Loot boxes cost money, rely on chance and are frequently overused, which fits the definition of gambling under Oklahoma law.
The video game industry has quickly grown into one of the highest grossing entertainment industries ever, but legislation has lagged behind. One of the current major issues is whether digital loot boxes should be considered gambling.
Loot boxes are a digital chest one can purchase that holds a series of random virtual items. Each item has a certain chance of appearing, with items designated as rare being infrequent yet extraordinary. It is completely random chance what items one receives.
Loot boxes have been an issue for years in the gaming community because gamers feel that content which would have been previously free is now being locked away behind monetized barriers. There have also been similar fears that loot boxes containing in-game items may give players unfair advantages over their peers.
Loot boxes have recently been thrust into the forefront due to the enormous backlash concerning Electronic Arts’ video game “Star Wars Battlefront II.” Due to this, legislators such as Rep. Chris Lee of Hawaii and Sen. Kevin Ranker of Washington have been discussing the ramifications of the practice and its effects on video game’s normally young audience.
I believe that Oklahoma should follow in the footsteps of other states and acknowledge that loot boxes infringe on current gambling laws for the State of Oklahoma.
Understanding gambling laws in Oklahoma is important. The closest comparison between loot boxes and regular gambling is the slot machine. Both require a small amount of money for each pull and include a weighted but random chance of valuable winnings. Lesser-valued options have a higher probability of showing up while rarer options are less likely to appear.
According to Oklahoma Gambling Law, Statute 21-964, slot machines are defined as “any machine, instrument, mechanism or device that operates or may be played or operated mechanically, electrically, automatically or manually, and which can be played or operated by any person by paying to or depositing with any person, or by depositing with or into any cache, slot, or place a coin, chip, token, check, credit, money, representative of value or a thing of value, and by which play or operation such person will stand to win or lose, whether by skill or chance, or by both, a thing of value.”
This legal definition is broad in scope, and one can see how loot boxes fit into this definition. In video games, people purchase loot boxes through the use of physical money, or purchased digital currency. Upon receiving these loot boxes, one opens them and randomly receives items that can be used in game. It can be argued that as opposed to slot machines, one always receives a set of items in a loot box. However, in most loot box systems, some of the items received can be duplicates of previously-received items, and one only receives piddling rewards in the form of digital currency for them in place of a tangible item. While there is a difference here, it is extremely miniscule, and loot boxes should be still treated as slot machines under the law.

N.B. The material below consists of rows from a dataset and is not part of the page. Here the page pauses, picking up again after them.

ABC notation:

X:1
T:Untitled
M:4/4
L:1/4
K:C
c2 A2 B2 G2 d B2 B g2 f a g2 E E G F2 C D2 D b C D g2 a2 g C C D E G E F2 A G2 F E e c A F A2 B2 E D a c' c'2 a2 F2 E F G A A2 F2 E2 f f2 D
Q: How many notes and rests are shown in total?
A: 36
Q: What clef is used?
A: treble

What’s more, the younger people who play these games are at a higher risk of developing gambling addictions due to the lack of complete brain development. In an article by the U.S. National Institute of Health’s National Library of Medicine, adolescents are two- to four-times more likely to experience gambling problems than their older peers.
According to the Entertainment Software Association, the trade association for video games in the United States, 18 percent of male video game players in the United States are under the age of 18, the largest amount of male players. Conversely, 11 percent of female players are under the age of 18, the second largest.

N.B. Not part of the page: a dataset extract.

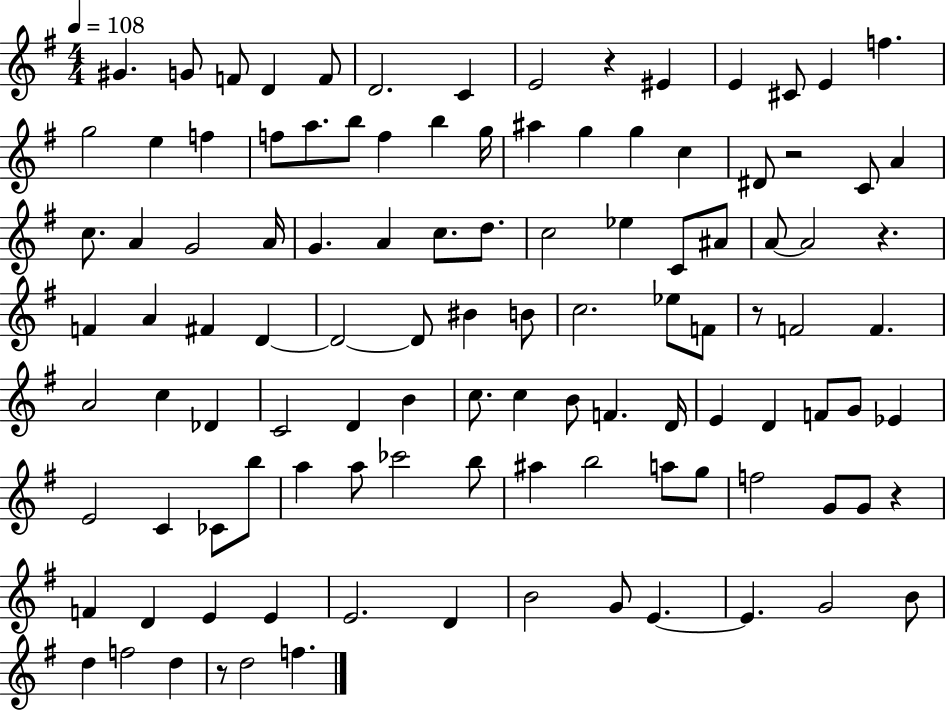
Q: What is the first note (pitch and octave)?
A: G#4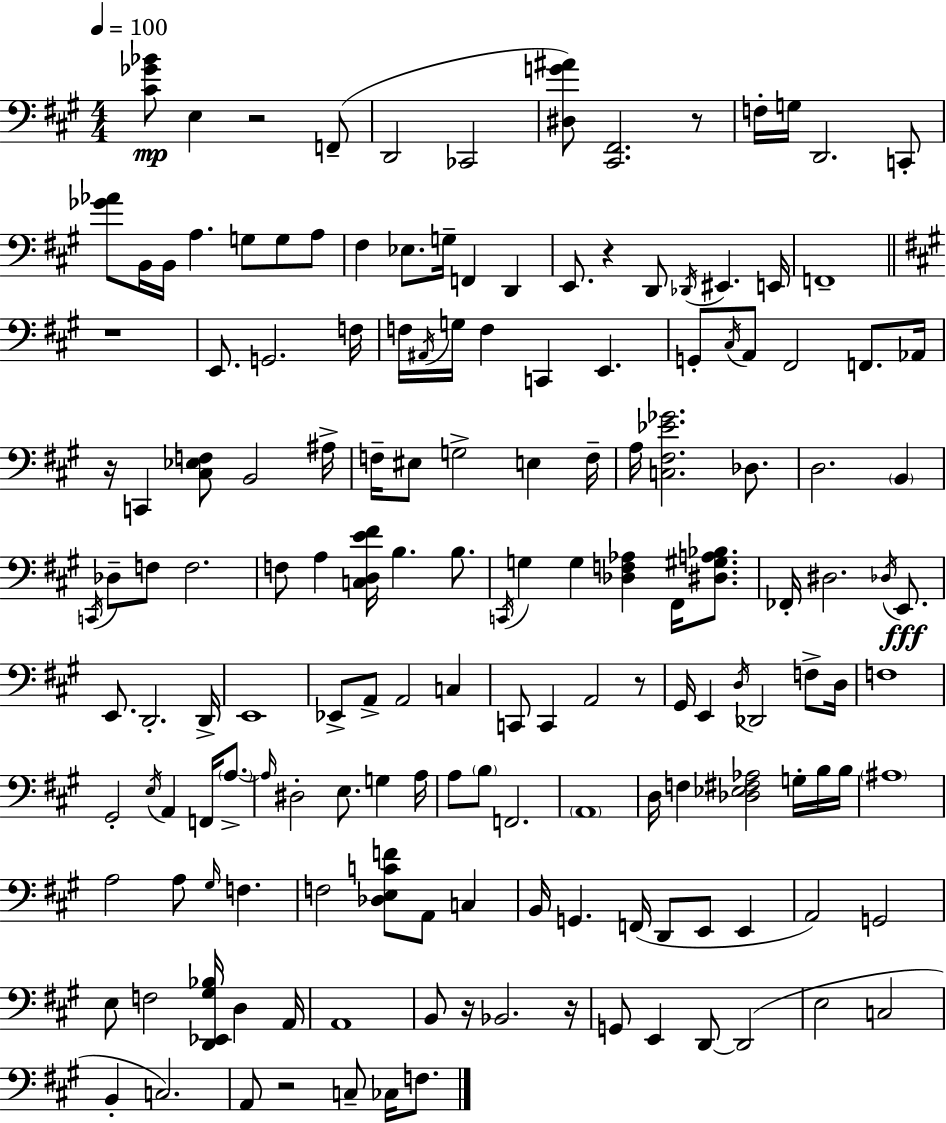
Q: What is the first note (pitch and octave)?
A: E3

This is a large number of people who should not be legally or mentally involved in gambling of any form. Oklahoma citizens are required to be 18 years or older to gamble in land-based and online casinos, poker rooms, dog/horse racing and online sports betting. 16-year-olds are allowed to gamble at bingo halls. However, these laws do not affect video games and similar virtual applications.
In a statement to website Kotaku, Sen. Ranker stated, “It is unacceptable to be targeting our children with predatory gambling in a game with dancing bunnies or something.”
Oklahoma lawmakers should also sit down with video game publishers to figure out the best way to regulate loot boxes and acknowledge the dangerous effects they can have on video games’ younger playerbase.